WCO’s superlative casting lights a fire amid the gloom of Thomas’s “Hamlet”

Mon Nov 25, 2019 at 12:16 pm
Lisette Oropesa and Jacques Imbrailo starred in Washington Concert Opera’s performance of Ambroise Thomas’s Hamlet Sunday at Lisner Auditorium. Photo: Don Lassell

Ambroise Thomas’s Hamlet, premiered in Paris in 1868, has not received much air time in the United States. Washington National Opera, for example, gave its first and only production of this beautiful grand opera in 2010. What that staging lacked, an exemplary cast, was on hand for Washington Concert Opera’s second performance of Hamlet Sunday evening, heard in Lisner Auditorium.
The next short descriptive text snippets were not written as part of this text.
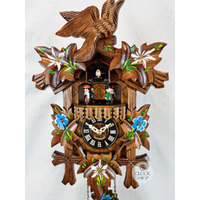 5 Leaf & Bird With Blue Flowers Battery Carved Cuckoo Clock With Dancers 37cm By ENGSTLER image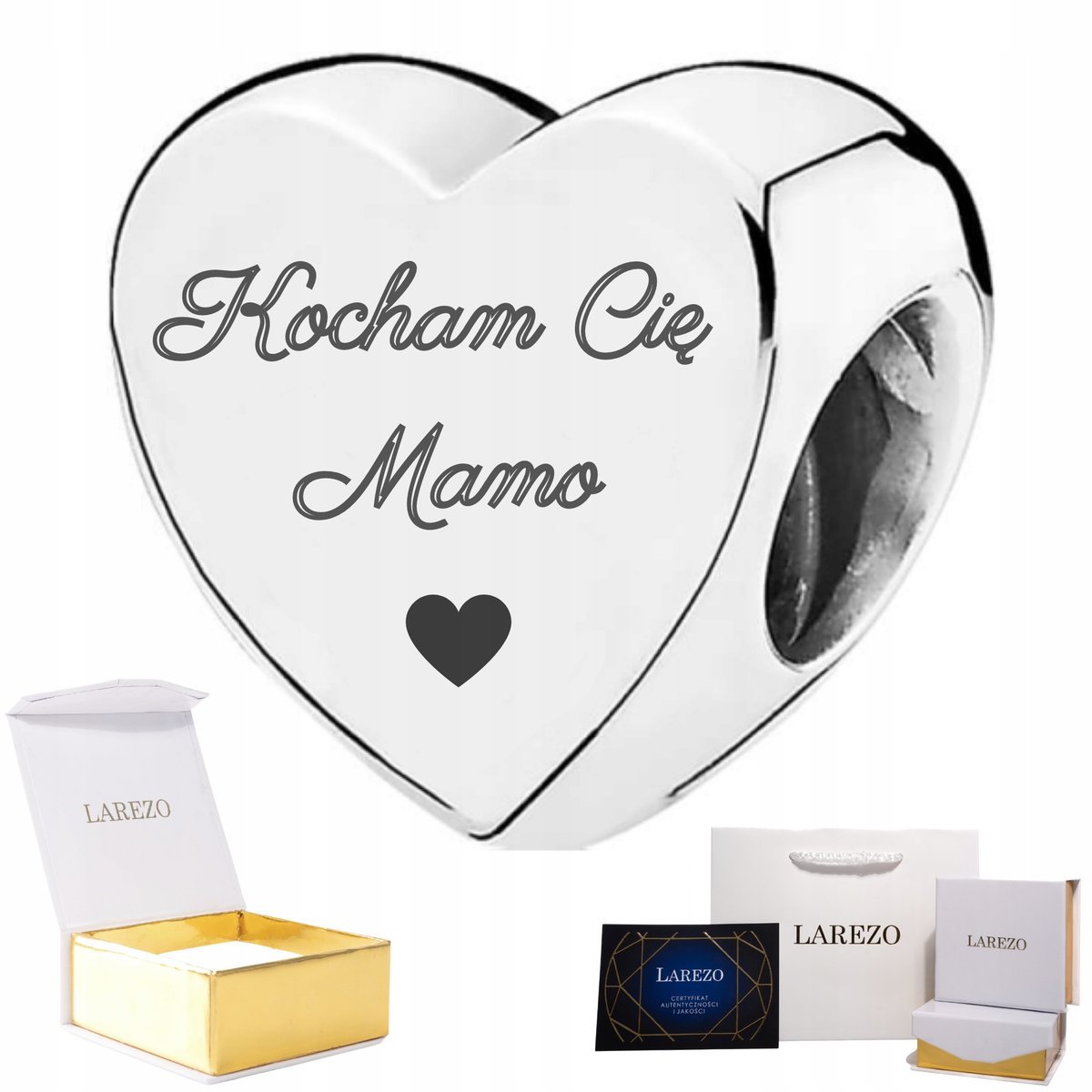 Charms Srebrny Serce Grawerem KOCHAM CIĘ MAMUSIU SREBRO 925 + GRAWER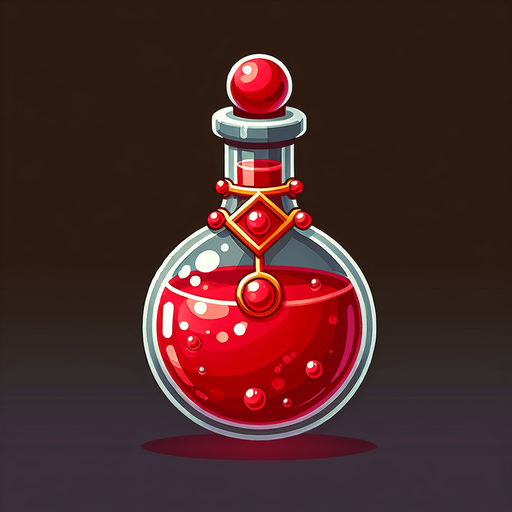 potion magique rouge.
Single Game Texture. In-Game asset. 2d. Blank background. High contrast. No shadows.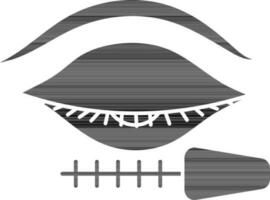 Illustration Of Eyelash And Mascara Icon In black and white Color. vector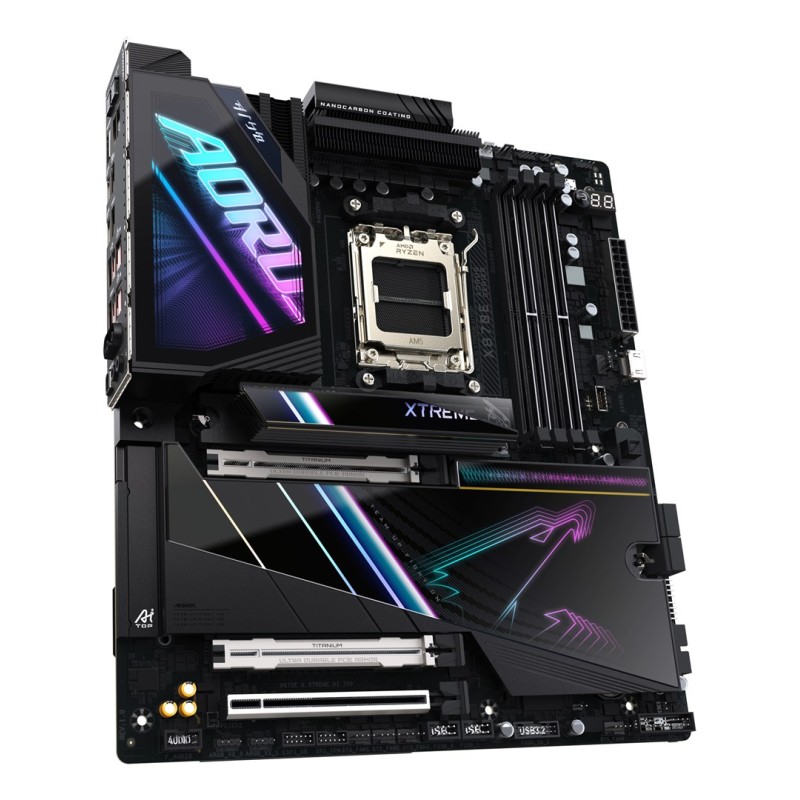 GIGABYTE X870E AORUS XTREME AI TOP Motherboard - Supports AMD Ryzen 9000 Series CPUs, 18+2+2 phases VRM, up to 8800MHz DDR5 (OC), 1xPCIe 5.0 M.2 + 3xPCIe 4.0 M.2, WI-FI 7, 10GbE LAN, USB 4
Jacques Imbrailo made a superb D.C. debut with Washington Concert Opera in the title role. The South African-born baritone mined his mellifluous voice for a broad range of colors and dynamic shadings in a performance that was alternately forceful and subtle. The drinking song, “Ô vin, dissipe la tristesse,” rollicked with vibrant power, while Hamlet’s mad scene in Act II was as light and airy as Thomas’s orchestration in that scene. The dramatic scope of Imbrailo’s interpretation encompassed both vitriolic rage, in the duet with Gertrude, and melancholy introspection, as in the “To be or not to be” monologue and the love duet with Ophélie.

This was all the more impressive in an opera like Hamlet, since Thomas gave most of the vocal fireworks to Ophélie. Exemplary in this demanding coloratura role was soprano Lisette Oropesa, whose voice seems to grow richer and more refined with each appearance. She has sung the role on stage before, and the sense of a specialist’s knowledge came through from her love duet in Act I and Act II scene onward.

Oropesa’s coloratura exploits, especially in the show-stopping mad scene that encompasses all of Act IV, revealed consummate control and grace. Incendiary high notes floated, chromatic runs slid downward with clarity, and trills glimmered. Particularly convincing were the runs that rocketed upward, ending abruptly as high as the E off the staff, incarnating the character’s mad outbursts.

Delights continued all the way down the cast list. Mezzo-soprano Eve Gigliotti, whom local audiences may remember from her years at Wolf Trap Opera Company in 2010 and 2011, made an outstanding company debut as Gertrude. Her combination of volcanic low notes and assured power into the upper reaches made for an emotional and mercurial queen, riddled with anxiety and guilt over her part in her husband’s death, but still filled with maternal care.

She was matched by the baritone Tom Fox, who took on the bass role of Claudius with a robust and authoritative sound. He displayed the needed brutish quality in the upper range, bullying Gertrude in their opening scene, but a honeyed veneer in the chapel scene (“Je t’implore”) where the sincerity of his prayer, including that concluding E-flat below the staff, created sympathy at the same time.

Tenor Jonas Hacker made a bright, youthful Laërte, with a pleasing ring at the top, while bass Brian Kontes was a stentorian presence as the ghost of Hamlet’s father. Matthew Scollin and Matt Hill were effective as Horatio and Marcellus, and hilarious in the drunken duet of the gravediggers. Timothy Bruno had a brief but excellent turn as Polonius, who is a co-conspirator in the king’s murder in the opera.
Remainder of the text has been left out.